The Fulmar features automatic detection and tracking systems and an automatic identification system, which will extend the operational capabilities of the Malaysian maritime surveillance fleet.
The coupling of UAS to Maritime Command & Control applications and C4 ISTAR systems is vital to many Coast Guards and Navies. The Fulmar’s ease of at sea, on the move launch and retrieve capabilities, have shown their capabilities and potential value to Malaysia in the region.
Fulmar will extend the operational capabilities of the Malaysian maritime surveillance fleet, proving a broad range of operational capabilities including counter-piracy, anti-smuggling operations, fisheries policing, and border surveillance.
Automatic detection and tracking systems and Automatic Identification Systems (AIS) deliver unrivaled high-performance surveillance on a flexible platform.
The range of the catapult-launched drone is about 700 kilometers, enabling much greater surveillance of the coastline, as well as coverage of the disputed Spratly Islands.
“As the MMEA seeks to upgrade its surveillance capabilities, the Fulmar provides a competitive solution which complements its state-of-the-art vessels,” said Tan Sri Dato’ Seri Rodzali Bin Daud, chairman of Destini Berhad.

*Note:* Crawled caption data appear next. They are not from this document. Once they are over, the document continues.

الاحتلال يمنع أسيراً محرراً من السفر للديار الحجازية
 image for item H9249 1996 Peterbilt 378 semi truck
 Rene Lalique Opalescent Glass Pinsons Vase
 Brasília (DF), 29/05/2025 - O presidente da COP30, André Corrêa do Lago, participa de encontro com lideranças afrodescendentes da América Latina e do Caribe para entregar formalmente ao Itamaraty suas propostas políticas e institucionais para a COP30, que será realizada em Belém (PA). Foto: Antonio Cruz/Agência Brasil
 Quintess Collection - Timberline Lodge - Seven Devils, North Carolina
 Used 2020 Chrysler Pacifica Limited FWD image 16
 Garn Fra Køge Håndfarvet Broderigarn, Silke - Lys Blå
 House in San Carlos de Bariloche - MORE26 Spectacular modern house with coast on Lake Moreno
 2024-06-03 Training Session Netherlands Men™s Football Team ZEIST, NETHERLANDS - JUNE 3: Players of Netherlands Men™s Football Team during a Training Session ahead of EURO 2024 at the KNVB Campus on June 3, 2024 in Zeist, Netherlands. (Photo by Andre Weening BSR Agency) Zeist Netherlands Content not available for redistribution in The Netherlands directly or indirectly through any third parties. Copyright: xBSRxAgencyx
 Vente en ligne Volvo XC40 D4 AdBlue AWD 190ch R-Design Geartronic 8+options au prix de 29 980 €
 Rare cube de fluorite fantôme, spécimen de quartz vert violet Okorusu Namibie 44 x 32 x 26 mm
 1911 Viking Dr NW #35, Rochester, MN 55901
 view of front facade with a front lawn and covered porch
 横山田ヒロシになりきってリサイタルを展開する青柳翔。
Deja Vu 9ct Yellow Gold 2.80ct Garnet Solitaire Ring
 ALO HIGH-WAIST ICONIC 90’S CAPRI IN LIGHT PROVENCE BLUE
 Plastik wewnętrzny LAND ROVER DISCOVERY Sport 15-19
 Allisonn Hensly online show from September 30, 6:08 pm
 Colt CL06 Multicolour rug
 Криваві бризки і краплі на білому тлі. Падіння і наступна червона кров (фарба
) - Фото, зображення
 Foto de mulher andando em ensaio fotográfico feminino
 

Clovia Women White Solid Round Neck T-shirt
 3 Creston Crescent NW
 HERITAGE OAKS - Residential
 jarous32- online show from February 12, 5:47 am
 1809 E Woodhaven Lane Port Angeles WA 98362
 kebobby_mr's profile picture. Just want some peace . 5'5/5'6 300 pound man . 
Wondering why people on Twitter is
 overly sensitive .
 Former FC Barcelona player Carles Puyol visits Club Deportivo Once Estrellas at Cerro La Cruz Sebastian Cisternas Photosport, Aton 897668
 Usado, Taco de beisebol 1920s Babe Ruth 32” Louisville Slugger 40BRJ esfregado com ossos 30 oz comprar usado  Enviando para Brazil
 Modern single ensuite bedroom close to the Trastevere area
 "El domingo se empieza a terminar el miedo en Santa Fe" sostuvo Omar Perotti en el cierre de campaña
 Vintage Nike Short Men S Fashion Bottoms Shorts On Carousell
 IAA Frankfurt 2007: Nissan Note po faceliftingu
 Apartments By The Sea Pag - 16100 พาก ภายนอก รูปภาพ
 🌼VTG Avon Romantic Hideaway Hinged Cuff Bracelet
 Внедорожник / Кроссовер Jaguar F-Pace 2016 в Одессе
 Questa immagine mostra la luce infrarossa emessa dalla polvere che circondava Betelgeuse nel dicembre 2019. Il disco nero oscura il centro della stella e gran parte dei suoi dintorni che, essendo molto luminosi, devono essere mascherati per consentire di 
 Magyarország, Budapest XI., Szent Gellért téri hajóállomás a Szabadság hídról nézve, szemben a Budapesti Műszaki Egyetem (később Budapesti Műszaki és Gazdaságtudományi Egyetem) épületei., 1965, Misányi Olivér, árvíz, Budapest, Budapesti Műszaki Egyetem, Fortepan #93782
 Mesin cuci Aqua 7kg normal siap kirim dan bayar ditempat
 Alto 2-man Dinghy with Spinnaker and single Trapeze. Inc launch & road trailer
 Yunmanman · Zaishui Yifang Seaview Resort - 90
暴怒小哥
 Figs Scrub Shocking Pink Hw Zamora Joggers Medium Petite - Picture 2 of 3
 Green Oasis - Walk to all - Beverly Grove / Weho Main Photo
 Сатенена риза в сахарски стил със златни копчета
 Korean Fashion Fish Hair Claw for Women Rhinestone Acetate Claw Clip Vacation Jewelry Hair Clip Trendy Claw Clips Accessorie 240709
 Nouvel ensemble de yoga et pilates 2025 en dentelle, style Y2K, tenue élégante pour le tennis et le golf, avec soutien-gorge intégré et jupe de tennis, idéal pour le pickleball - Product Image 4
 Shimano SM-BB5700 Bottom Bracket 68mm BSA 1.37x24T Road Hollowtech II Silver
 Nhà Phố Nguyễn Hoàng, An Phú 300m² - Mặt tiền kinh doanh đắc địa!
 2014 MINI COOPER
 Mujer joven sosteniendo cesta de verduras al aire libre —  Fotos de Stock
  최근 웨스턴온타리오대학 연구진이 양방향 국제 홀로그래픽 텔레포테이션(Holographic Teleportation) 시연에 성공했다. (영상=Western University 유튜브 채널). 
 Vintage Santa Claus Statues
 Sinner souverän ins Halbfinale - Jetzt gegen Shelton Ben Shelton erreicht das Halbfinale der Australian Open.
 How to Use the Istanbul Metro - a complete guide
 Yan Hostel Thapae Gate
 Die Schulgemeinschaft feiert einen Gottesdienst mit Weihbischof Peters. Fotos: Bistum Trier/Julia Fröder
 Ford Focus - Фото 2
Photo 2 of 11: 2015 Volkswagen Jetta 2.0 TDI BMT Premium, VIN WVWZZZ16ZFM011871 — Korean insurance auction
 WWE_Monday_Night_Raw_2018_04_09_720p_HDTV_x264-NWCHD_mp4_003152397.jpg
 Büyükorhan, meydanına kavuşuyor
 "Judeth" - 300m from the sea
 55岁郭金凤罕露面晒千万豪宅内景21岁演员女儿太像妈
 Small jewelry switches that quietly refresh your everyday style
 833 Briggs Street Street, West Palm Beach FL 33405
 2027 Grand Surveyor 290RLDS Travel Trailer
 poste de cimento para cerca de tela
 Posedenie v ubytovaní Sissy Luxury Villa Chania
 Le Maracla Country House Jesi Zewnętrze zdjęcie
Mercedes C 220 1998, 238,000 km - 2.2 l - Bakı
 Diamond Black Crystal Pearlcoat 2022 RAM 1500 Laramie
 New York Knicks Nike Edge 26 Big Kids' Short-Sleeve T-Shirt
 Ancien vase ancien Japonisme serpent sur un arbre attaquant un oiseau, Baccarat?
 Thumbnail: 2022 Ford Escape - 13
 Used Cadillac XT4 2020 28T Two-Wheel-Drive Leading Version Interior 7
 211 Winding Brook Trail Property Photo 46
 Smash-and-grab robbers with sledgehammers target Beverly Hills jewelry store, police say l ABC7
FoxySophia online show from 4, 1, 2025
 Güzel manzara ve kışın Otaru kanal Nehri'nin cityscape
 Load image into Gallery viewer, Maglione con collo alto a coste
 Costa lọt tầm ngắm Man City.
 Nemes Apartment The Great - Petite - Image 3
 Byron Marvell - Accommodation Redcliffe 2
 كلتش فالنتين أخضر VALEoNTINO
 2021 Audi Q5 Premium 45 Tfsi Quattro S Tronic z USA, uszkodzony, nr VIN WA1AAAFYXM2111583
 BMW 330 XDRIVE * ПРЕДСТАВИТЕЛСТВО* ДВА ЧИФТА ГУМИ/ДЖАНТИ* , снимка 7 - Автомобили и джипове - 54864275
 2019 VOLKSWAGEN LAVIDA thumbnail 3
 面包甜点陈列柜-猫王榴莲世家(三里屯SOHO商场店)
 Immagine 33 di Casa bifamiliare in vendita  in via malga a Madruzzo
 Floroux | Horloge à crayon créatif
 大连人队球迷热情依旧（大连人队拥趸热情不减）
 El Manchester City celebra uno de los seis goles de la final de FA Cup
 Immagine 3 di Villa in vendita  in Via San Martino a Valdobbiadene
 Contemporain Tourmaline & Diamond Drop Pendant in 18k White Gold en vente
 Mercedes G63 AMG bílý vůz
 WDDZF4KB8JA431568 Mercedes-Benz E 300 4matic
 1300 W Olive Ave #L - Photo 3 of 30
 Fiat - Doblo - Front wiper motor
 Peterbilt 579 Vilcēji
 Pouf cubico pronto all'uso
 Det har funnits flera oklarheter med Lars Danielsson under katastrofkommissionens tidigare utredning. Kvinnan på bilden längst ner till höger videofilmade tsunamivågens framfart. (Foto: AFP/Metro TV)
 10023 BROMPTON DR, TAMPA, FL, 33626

“We are pleased to partner with Thales in further developing the expertise in coastal surveillance in Malaysia.”
Thales employees in Malaysia will provide local training and support for the Fulmar starting this year to ensure knowledge transfer for the system’s operational and maintenance needs.
The supply of Thales’ Fulmar UAS system will enable Malaysia’s maintenance of remote surveillance within the disputed South China Sea area. As the area’s geo-importance increases, it’s likely to become a hotbed of innovation and disputes.